From California, Dan and Addie Mae, who was pregnant with Dan's brother, Raymond, boarded a train for South Carolina, where relatives picked them up.

They returned to the family farm in Pendleton, then moved to a house in Anderson.

Meanwhile, Rubert, a Clemson University graduate and chemist before he joined the Army, was in the thick of the fighting in the Pacific, island-hopping at Tinian and Saipan.

Addie Mae didn't hear much from him during the long absence. "They [the Army] didn't want that happening, evidently," she said.

Back home, times were tough. She worked in a hardware store, a dime store and a grocery store to feed a growing family.

It would be 3 years before Addie Mae would be reunited with her husband, except for one brief visit when he was granted leave to see Raymond, who was sick.

FARM GIRL TO ARMY WIFE

Born on her family farm, Addie Mae was one of 10 children. She was captain of her basketball team in high school.

She and Rubert met while he was attending Clemson, about three miles from Pendleton.

After graduating in 1932 with a bachelor's degree in chemistry, he worked as a high school principal, salesman, manager of a flour mill store and credit manager, and then joined the Army in 1940.

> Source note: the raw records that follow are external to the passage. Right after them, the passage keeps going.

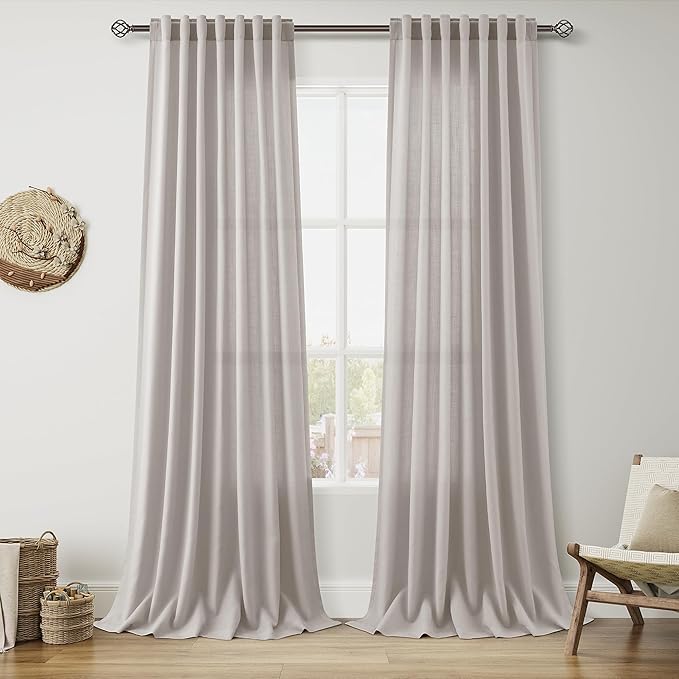 Nanspring Stone Grey Linen Curtains 84 Inch Length 2 Panels Set by Nanspring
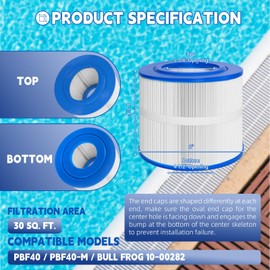 Promavot PBF40M Spa Filter Compatible with Bullfrog Spa Filter Wellspring 30 Coreless 10-00282 Filter Cartridge Replacement for Bullfrog Series, 2 Pack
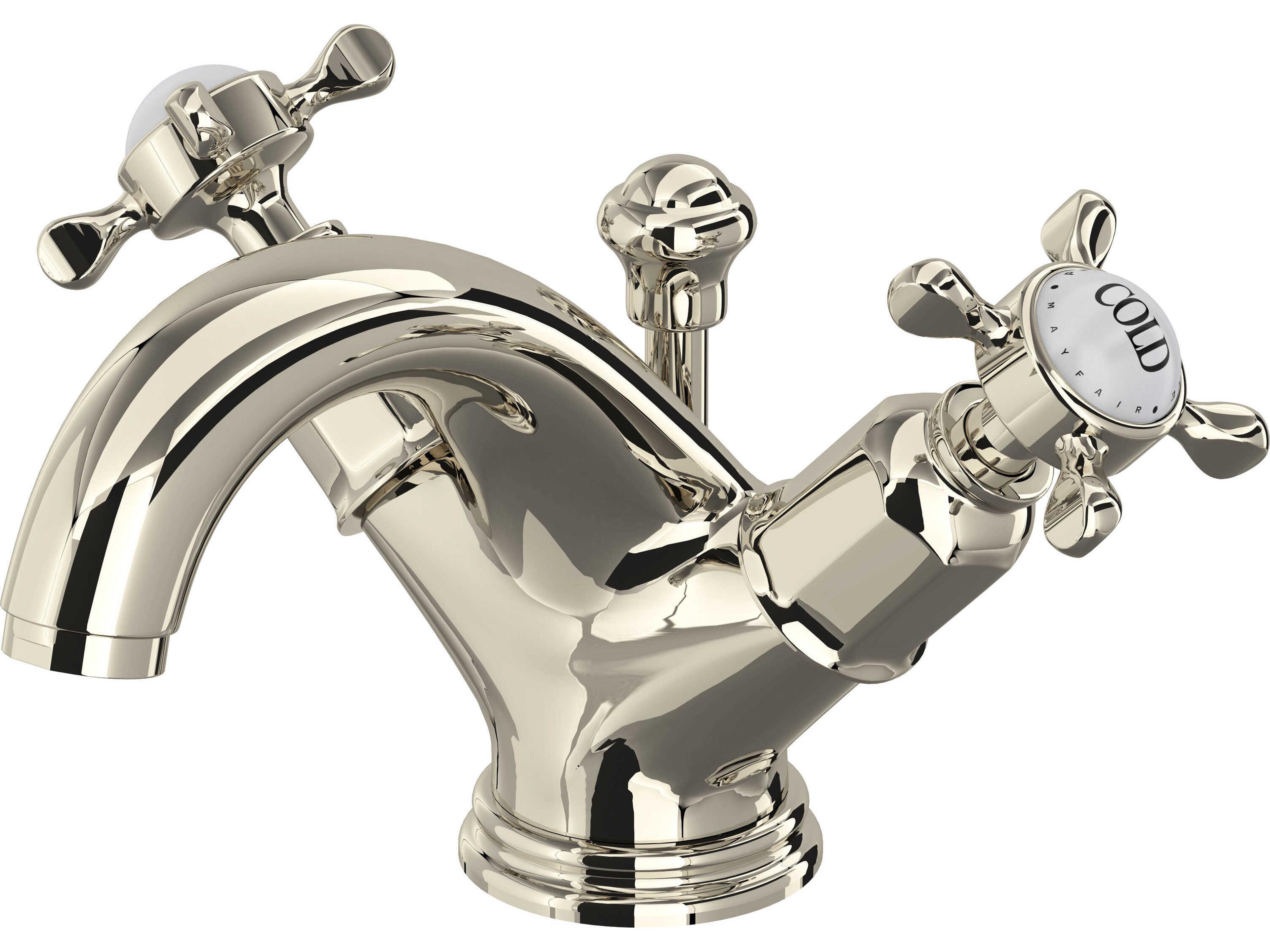 Edwardian Polished Nickel Two Handle Lavatory Faucet
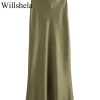 willshela 2024 jupe en satin noir femme taille haute jupes longues élégantes pour les femmes mode été jupe midi bureau jupes pour femmes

The couple were married, and the Army sent Rubert to Hawaii.

AFTER THE WAR

Rubert returned to the States in July 1945 and got out of the Army, then re-enlisted in 1947.

The couple moved often as Rubert rose through the ranks in the military.

His Army career propelled him into key chemical and biological warfare positions at places such as Fort Detrick and Edgewater Arsenal in Maryland. He retired in 1963 with the rank of colonel.

Addie Mae smiled, "We'd been to umpteen places. Seemed like every five or six months we were moving. I got tired of that."

The Chapmans lived in the house in Anderson, and Addie Mae began playing golf with Rubert, who had a passion for the game. She learned quickly, becoming a state champion for three years and champion at the local golf club for 23 out of 26 seasons. She played her last tournament at age 90.

Rubert died in 1983 at age 74.

Addie Mae lived in Anderson until about a year and a half ago, when Dan moved her to Chancellor's Village.

Dan says of his mother, "This lady lived through a lot in her life--from farm girl where she literally worked in the fields, to being in a war zone" and surviving an iconic moment in the nation's history.

Rusty Dennen: 540/374-5431
Email: rdennen@freelancestar.com




According to military reports, 2,403 Americans died in the Japanese attack on Pearl Harbor, including 68 civilians, most of whom were killed by anti-aircraft shells landing in Honolulu; 1,178 Americans were wounded in the attack. The U.S. declared war on Japan the next day.